Let’s go on a journey down the proverbial rabbit hole to the not-so-distant future of telecommunications– a future where network servers float in the clouds (I mean physical, made-from-water-vapor clouds) on hot air balloons, flying drone Internet access points whiz overhead in third-world countries, privately-owned satellites receive and transmit every “like” and “follow”, and a cackling Mark Zuckerberg is swimming in a vault of gold coins like a hoodie-loving Scrooge McDuck. This is the future that has been laid before us.
(Seriously. Google and Facebook actually have plans for these things in the works).
But let’s climb back out of the rabbit hole for a second and see how and why we get to these ends, and what it means for you.
The Internet of Everything
The point has been said so many times it’s almost lost all meaning, but I’ll say it again: the growth and expansion of communications technology is almost unfathomably exponential. And the growth in the number of users of this technology is just as astounding. All of this exponentially astounding growth is forcing everyone and everything to operate on and from the place where we tend to shove every rambling thought, ill-conceived photo and haphazard money-making scheme: the Internet. And the more you need the Internet, the more everyone else needs the Internet, and when people need more Internet, they have to make more Internet (make sense?); hence the Google/Facebook Air & Space Program mentioned above.
Not to be left out, the world of telecommunications is slowly but surely doing the same, with carriers phasing out landlines and unified communications looking like the hippest thing since The Charleston. Both of those realities mean the Internet, and VoIP and SIP technology specifically, will be the singularity from which a vast majority of communication — business and residential — emanates.
How to prepare
First, it’s important to remember the future we realize is usually some compromise of the one envisioned by dreaming architects and the limitations of practicality and reasonability. But while we may not know the specifics, we do know this is the path our society is walking/running down, and there are things businesses can do to ease the transition into this bold new world:
Social media & application integration. Not just for marketing and PR, Google, Facebook and other third parties are developing apps that will be critical for internal and external communication. Think baby steps!
- Device integration. Cisco and other companies predict there will be 50 billion devices connected Internet by 2020, and you can bet those people will want to be able to use their devices at work. Work with your IT team to get necessary infrastructure in place to support truly personal devices.
- Communication integration. Where can your business streamline communication processes? Are you using one platform for instant messaging, one for email, one for voice, and one for video? Consider consolidating communication by looking into a unified communications platform. The more varied your programs/software, the more difficult integration and upgrading become.

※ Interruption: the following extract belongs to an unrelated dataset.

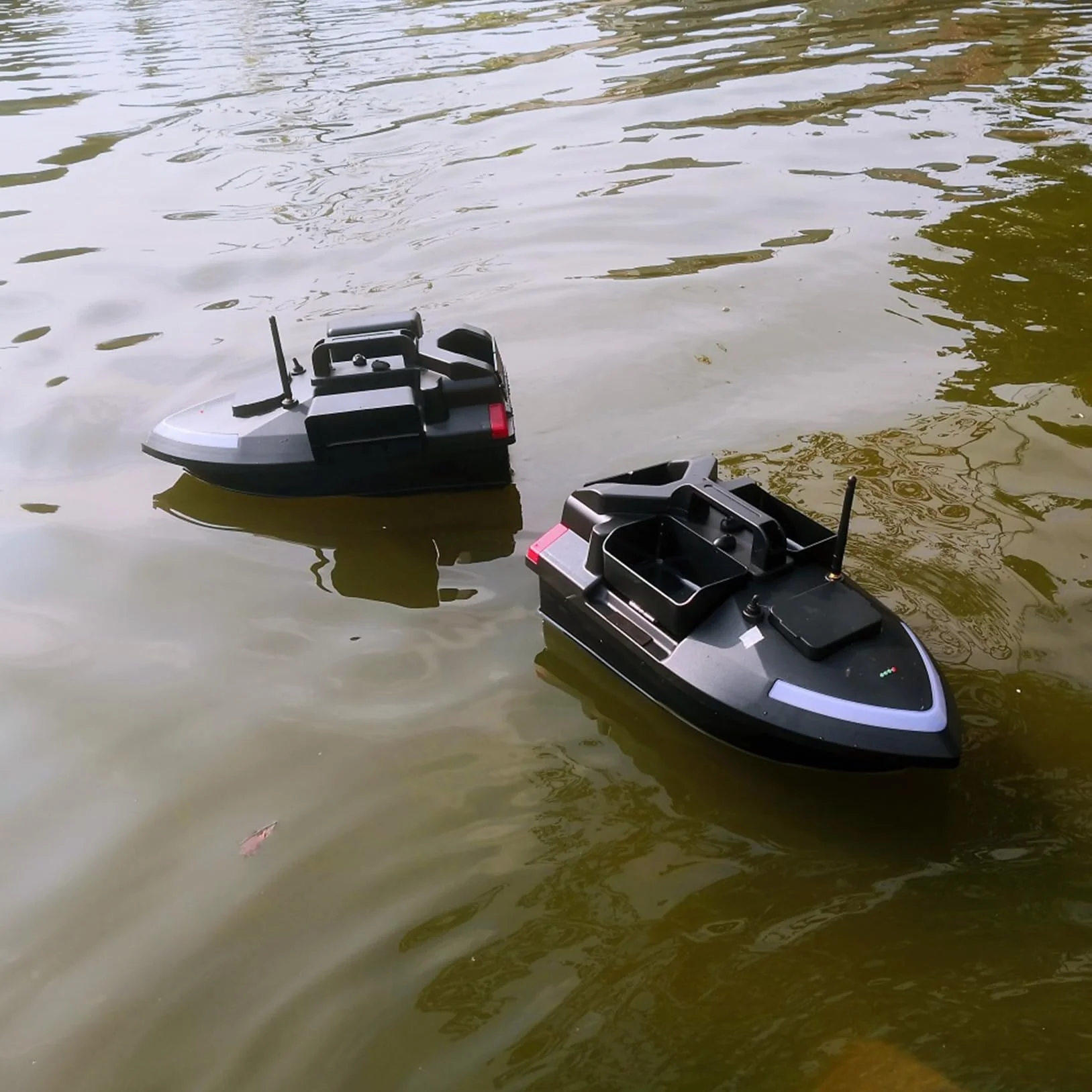 Barco GPS Smart RC de cebos, Crucero Automático de Doble Motor con Tres Tolva de Gran Capacidad y Luz Nocturna LED (V020-12000mAh)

- Stay informed. Just because you don’t need a certain technology now doesn’t mean you won’t need it in the future. Look ahead and draw informed conclusions about news and trends; do that and you’ll rarely find yourself or your business unprepared for change.
Do these four things (there are probably a few other steps you can take that would help as well), and you’ll find the future isn’t such a scary place after all. Plan right, and you may even find yourself with a leg up on your top competition!